By Lewis Howell
⏱ Wednesday 9th August 2017

For those who are avid followers of this blog (you are out there... aren't you?) you will know that I delivered my first tuition session on February the 27th, and so by now I have been tutoring for just over a year.  Whilst I love my job, there comes a point when, as a tutor you can become jaded; worn by the hours of tutoring, the lengthy journeys to Tameside or Salford, the planning and regurgitating of multiple lesson plans.  You begin to realise that you are turning into one of those annoying teachers you had in school when you find yourself saying things like 'It's your own time you're wasting' and can become alarmingly aware of how old you are when your students have never heard of the song 'I Wanna Have Your Babies' by Natasha Bedingfield.  I mean come on now, that is a modern day classic.

But every now and then, an evening of numerous PowerPoint presentations, name badges, and a batch of about 50 or so fresh-faced new tutors comes along and breathes a breath of sunny, daffodil-like fresh air into your perspective, much like Spring to the Winter-weary, and you find yourself going to your next session with a bit more spring in your step.

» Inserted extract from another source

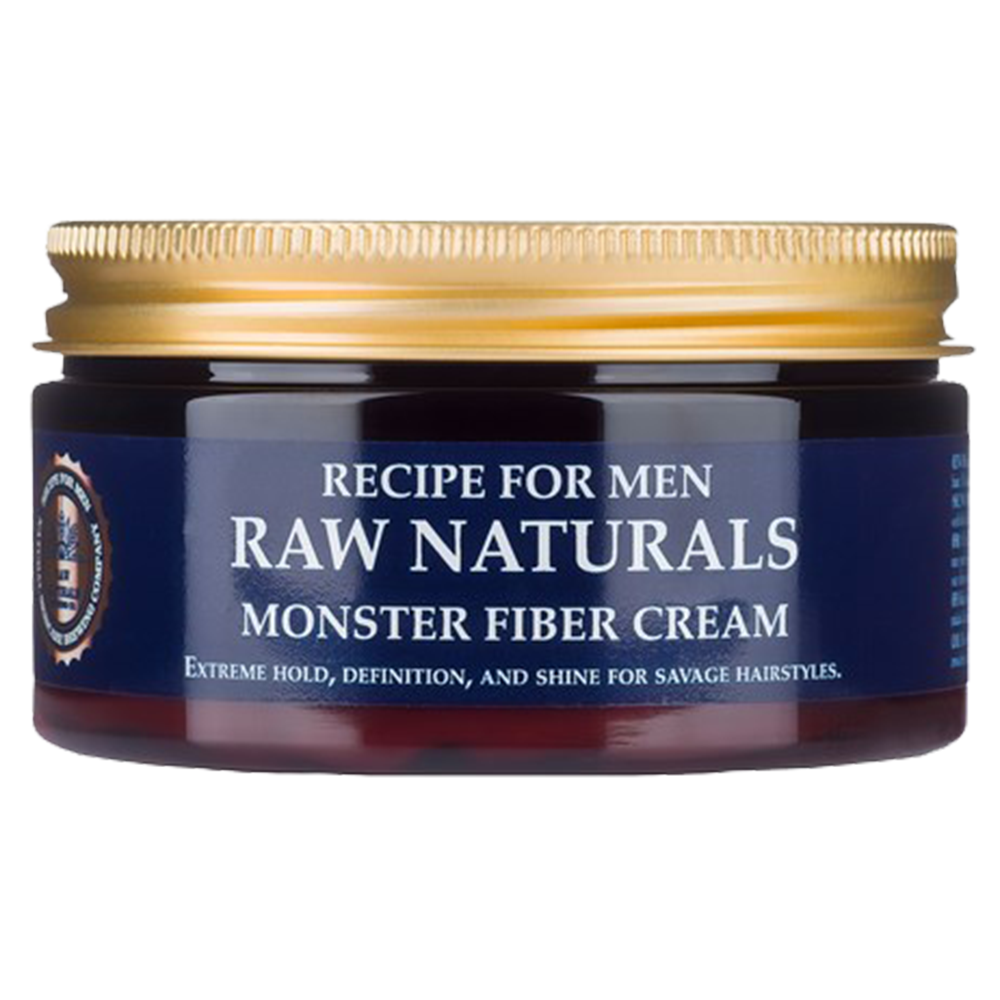Raw Naturals Monster Fiber Cream [100ml]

I am talking, of course, about The Tutor Trust's 'Welcome Evening' for the latest recruits, which, for me, meant returning to the Alan Turing building almost exactly one year since my own Welcome Evening, this time as an experienced tutor, there to be on the other side of the Q&A portion of the evening!  With a group of fellow experienced tutors, I was there to be a source of information for the newly employed, who were just beginning training as a tutor, but (cheesy line alert) I actually found myself learning a lot from the evening - and that wasn't just from watching the same presentation three times over, or discovering the fact that there is such a thing as a 'Rockhopper penguin'.

It was from the newbies themselves!  It was so interesting to be on the other side of the process, and answering the questions they presented us which offered a chance to reflect- not only on my experiences in the past year, though it did- but on the way I viewed this job when I first started.

All of the new tutors were so eager; nervous, yes, but they were all armed with their little blue folders, eyes wide as they watched Nick Bent talk about the aims of The Tutor Trust, a reminder in itself of what we are striving to do in this job.  By the end of the night, even following ice-breakers, the dreary-but-necessary health and safety lecture, the fun of drawing the 'good tutor' and the 'bad tutor' and enduring our Tutor Coordinator's multiple jokes for the past three hours, they all stood in the hall of the Alan Turing building, all of them still smiling, and still asking questions.  Their unfaltering enthusiasm was so refreshing.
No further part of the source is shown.